Blog Post

Network Analysis with Cytoscape

The objective of this practicum was to create visualizations in Cytoscape that allow us to analyze and compare the relationships between law enforcement agencies and the race of the deceased in 2015 and 2016. Going into the assignment, I expected to see which demographic groups were most frequently targeted, and whether certain agencies were disproprtionately targeting particular groups. The 2015 visualization below appears to indicate that Whites, Blacks, and Hispanics/Latinos were the most targeted groups for this year. The most targeted groups seem to remain the same in the second visualization, which displays data from 2016.


It took me some time to understand how to interpret the frequency of black lines that seem to circle around particular groups, but I believe these more circular connections indicate that certain groups, particularly Blacks and Hispanic/Latinos, are disproportionately targeted by particular agencies in both years. In other words, although the absolute number of fatalities is largest for whites in both years, the density of these circular lines around Blacks and Hispanics/Latinos reveals that there are more connections to particular agencies than you would expect, given that the absolute number of fatalities for each of these groups is less than the number for whites.

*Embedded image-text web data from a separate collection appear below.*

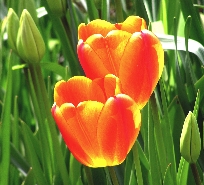 Tulips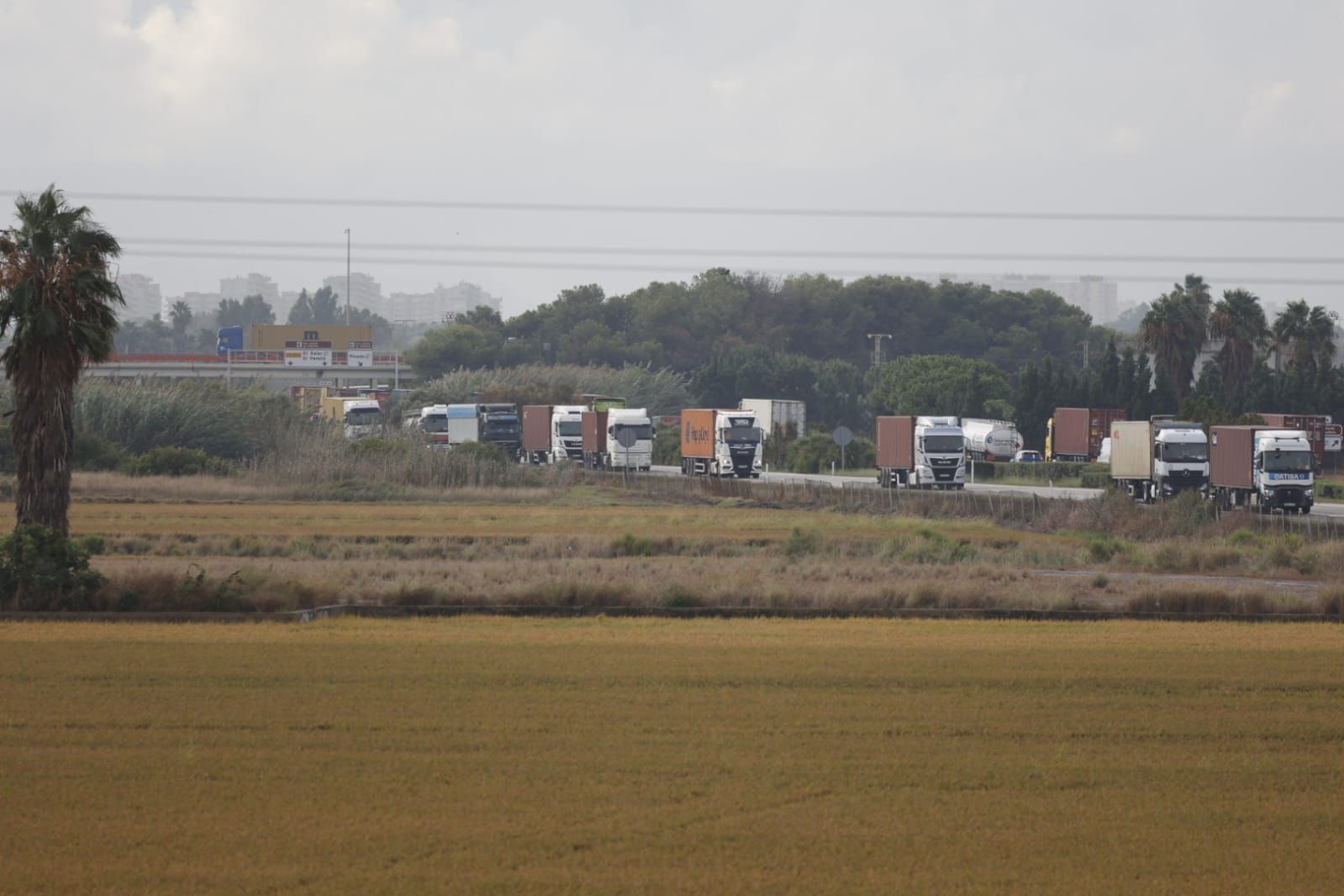 Avalancha de camiones para descargar contenedores en el puerto tras el cierre de la estiba por la alerta roja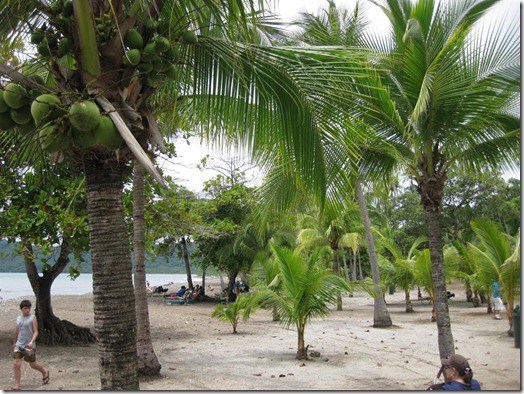 Costa Rica palm trees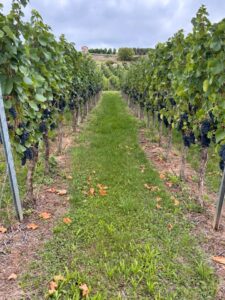 Weinberg Pacht frei abzugeben – Foto 3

What I also found interesting in the visualization, and what I didn't expect to be able to see going into this practicum, was the relative distance between the different targets. I believe targets that are closer together are more often targeted by the same agencies, because the network connections are orignating from similar sources (or agencies). So I think our Cytoscape visualizations also tell us that to some degree, there seems to be a group of agencies that is targeting minorities more than they are whites, which in both visualizations seem to be a bit separated from the minority targets, which seem more clustered together.

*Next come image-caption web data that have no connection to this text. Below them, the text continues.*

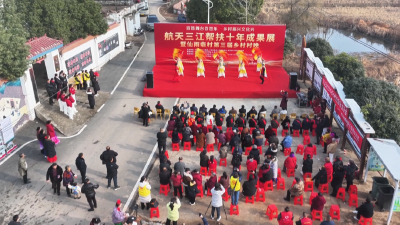 文艺演出送年味，便民服务暖人心！这儿的新春活动热闹又贴心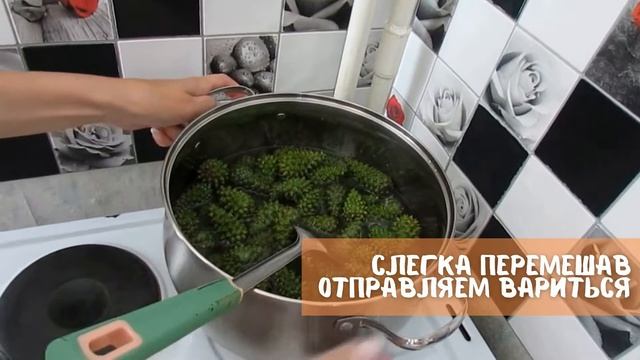 Знаменитое варенье из шишек на зиму смотреть онлайн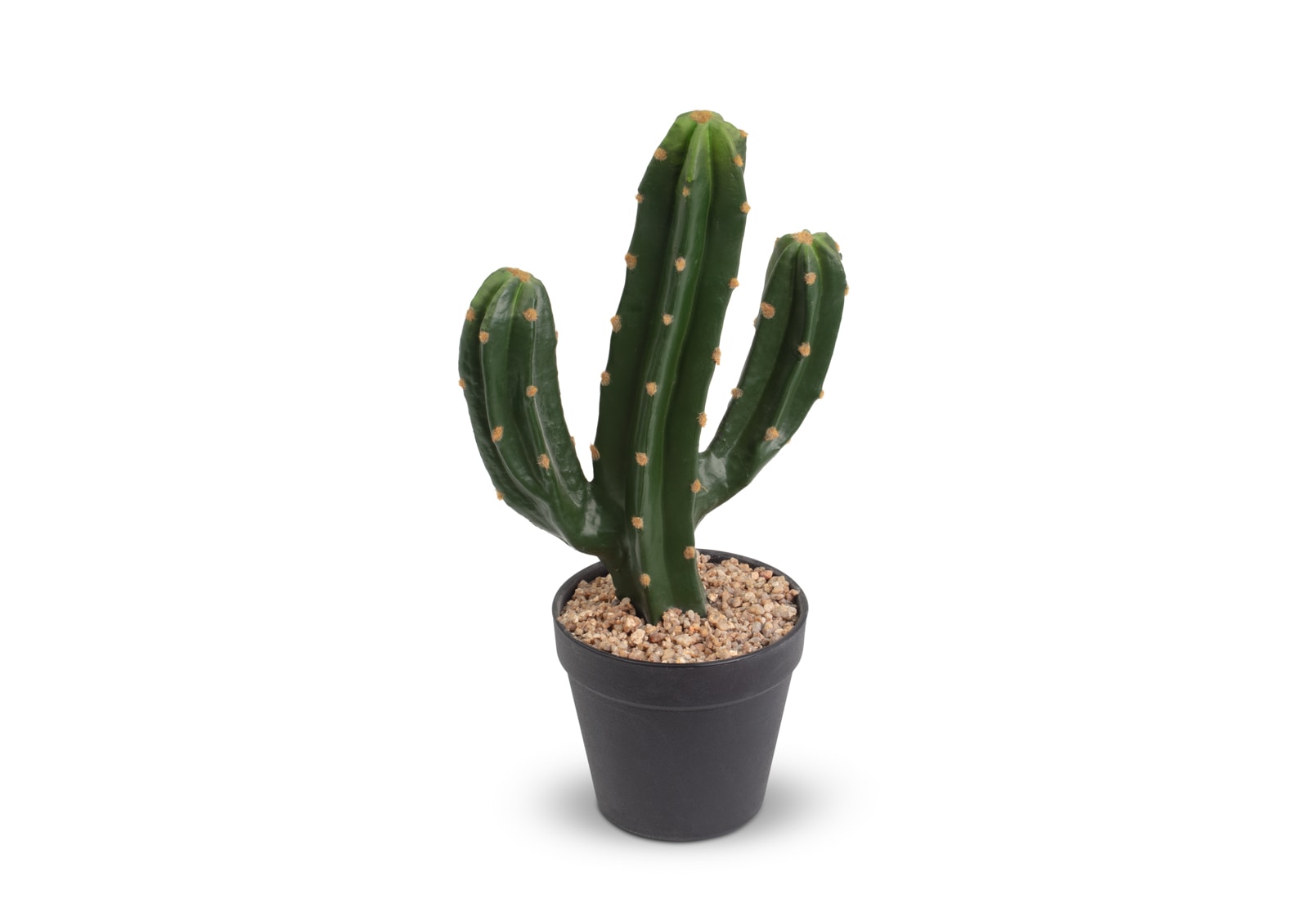 SAGUARO CACTUS – image 2 of 4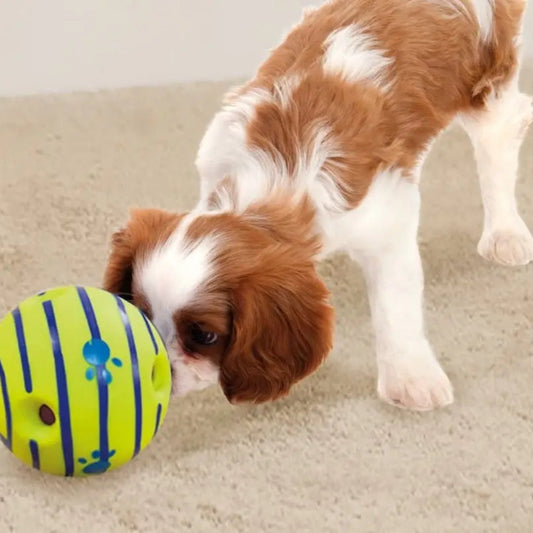 Wobbie Doggy Bal 🐶 | 1+1 Gratis!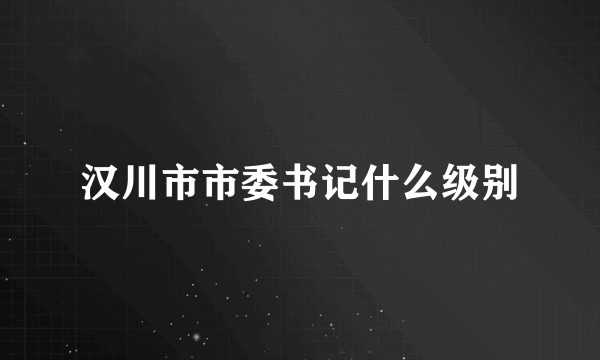 汉川市市委书记什么级别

As for the main differences I noticed across years, it seems that the concentration of the circular lines increases for Blacks and Hispanics, and decreases around whites, in 2016 compared to 2015. In other words, the 2016 visualization seems to be indicative of racialized police brutality to a greater degree. Also, I noticed that the Asian/Pacific Islander appeared to move closer to the Hispanic/Latinos ellipse in 2016 rather than 2015, and while I am not sure if we can confidently draw a conclusion from this, I think the idea that particular minority groups are more closely linked and targeted by particular agencies could be an interesting one to explore.

What I found a bit confusing or hard to discern in Cytoscape was whether the singular blue sources that appear more toward the edge of the visualization are truly indicating that this agency was only associated with one fatality. I believe this should be the case, but when I searched "flagstaff," which appeared to only be linked to the Native American target, there was also an additional source not connected to this one that only linked to the white target. I wonder if these is due to the fact that there are two different police departmetns both named flagstaff - but then I wonder how, based on our data, Cytoscape knew that these were different agencies. If these really are the same agency, wouldn't it have been more helpful for the connections to Native American and White to have come from the same source/blue circle?

I also see a couple of the parallels between how we used Cytoscape in this practicum and how my project team is using Voyant for our final project. We have been using Voyant as a tool to expose us to deeper levels of close analysis that we would not otherwise have explored without the tool. In other words, we are using Voyant as a tool that informs our close analysis, rather than a tool that can independently produce all of the analysis we need. After playing around in Cytoscape, I feel that a similar point can be made about these network analyses. The visualizations can pique our interest in certain trends, but they do not allow us to immediately draw conclusions with a high degree of certianty. Rather, they can make us ask questions that we then go back to the data to verify whether these trends really exist.


1 comment

Hi Fiona, Yes to so many of the thoughts and questions in your pose. I want to quickly try to answer your question about interpreting the distance between nodes. The short answer is I don't know if we can hypothesize about the relationship between "Asian/Pacific Islander" being closer to the "Hispanic/Latinos" ellipse in 2016 rather than 2015, as you suggest we look into. It's a great question! I did some research on this in the Cytoscape documentation to help answer your question, but I came up empty. Each different kind of layout has a unique way of treating or moving its nodes in relation to edge length. We used a "force-directed" layout, though there are others. See the documentation description here: I cannot find documentation that answers your question about the length of the edge having a readable meaning out of the box, that is, without manipulating the edge data. You can weight the length of the edge based on other node data, but I don't know if it loads pre-weighted based on any specific criteria. I do find Cytoscape documentation lacking at times!